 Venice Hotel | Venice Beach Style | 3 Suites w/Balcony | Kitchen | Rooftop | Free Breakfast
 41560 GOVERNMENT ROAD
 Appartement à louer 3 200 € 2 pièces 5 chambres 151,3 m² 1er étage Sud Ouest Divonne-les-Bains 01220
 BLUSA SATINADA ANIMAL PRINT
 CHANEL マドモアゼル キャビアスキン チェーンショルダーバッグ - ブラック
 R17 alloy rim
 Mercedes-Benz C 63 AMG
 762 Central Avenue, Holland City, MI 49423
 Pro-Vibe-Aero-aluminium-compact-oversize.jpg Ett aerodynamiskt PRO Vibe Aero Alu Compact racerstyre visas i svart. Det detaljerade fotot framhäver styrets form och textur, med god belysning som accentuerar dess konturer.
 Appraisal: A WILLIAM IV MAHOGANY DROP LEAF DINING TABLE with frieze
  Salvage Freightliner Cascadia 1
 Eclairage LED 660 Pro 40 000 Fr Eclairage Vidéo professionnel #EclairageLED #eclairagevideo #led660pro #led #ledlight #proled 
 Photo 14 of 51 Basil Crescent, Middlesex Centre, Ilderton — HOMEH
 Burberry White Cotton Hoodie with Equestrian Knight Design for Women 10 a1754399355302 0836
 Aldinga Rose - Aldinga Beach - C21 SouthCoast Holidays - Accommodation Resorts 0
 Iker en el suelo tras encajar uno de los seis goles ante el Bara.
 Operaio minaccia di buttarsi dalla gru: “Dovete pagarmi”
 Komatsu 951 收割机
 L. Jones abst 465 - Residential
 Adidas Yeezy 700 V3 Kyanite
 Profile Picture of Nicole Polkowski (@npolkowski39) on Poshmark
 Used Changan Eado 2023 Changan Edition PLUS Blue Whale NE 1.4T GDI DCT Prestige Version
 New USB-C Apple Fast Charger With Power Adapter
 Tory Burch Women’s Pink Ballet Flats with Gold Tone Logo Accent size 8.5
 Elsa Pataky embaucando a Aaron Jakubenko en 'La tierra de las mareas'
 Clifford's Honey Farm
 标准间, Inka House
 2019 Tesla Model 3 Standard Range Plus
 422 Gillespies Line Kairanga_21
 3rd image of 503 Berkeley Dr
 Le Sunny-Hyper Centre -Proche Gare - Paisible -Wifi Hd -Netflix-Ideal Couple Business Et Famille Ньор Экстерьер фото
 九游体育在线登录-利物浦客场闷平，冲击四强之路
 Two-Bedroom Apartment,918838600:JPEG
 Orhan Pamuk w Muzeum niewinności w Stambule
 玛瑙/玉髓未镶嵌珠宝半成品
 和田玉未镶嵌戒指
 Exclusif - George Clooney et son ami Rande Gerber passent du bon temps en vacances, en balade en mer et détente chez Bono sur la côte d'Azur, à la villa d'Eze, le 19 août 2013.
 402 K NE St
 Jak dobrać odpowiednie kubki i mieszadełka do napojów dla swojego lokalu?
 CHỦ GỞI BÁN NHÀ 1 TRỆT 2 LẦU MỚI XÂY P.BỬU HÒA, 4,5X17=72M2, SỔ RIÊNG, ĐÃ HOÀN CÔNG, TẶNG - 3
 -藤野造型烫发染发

··········

THE TASK:
Search the data for "Jak dobrać odpowiednie". Beginning with that line, set down every line through the last exactly.

ANSWER BOX:
 Jak dobrać odpowiednie kubki i mieszadełka do napojów dla swojego lokalu?
 CHỦ GỞI BÁN NHÀ 1 TRỆT 2 LẦU MỚI XÂY P.BỬU HÒA, 4,5X17=72M2, SỔ RIÊNG, ĐÃ HOÀN CÔNG, TẶNG - 3
 -藤野造型烫发染发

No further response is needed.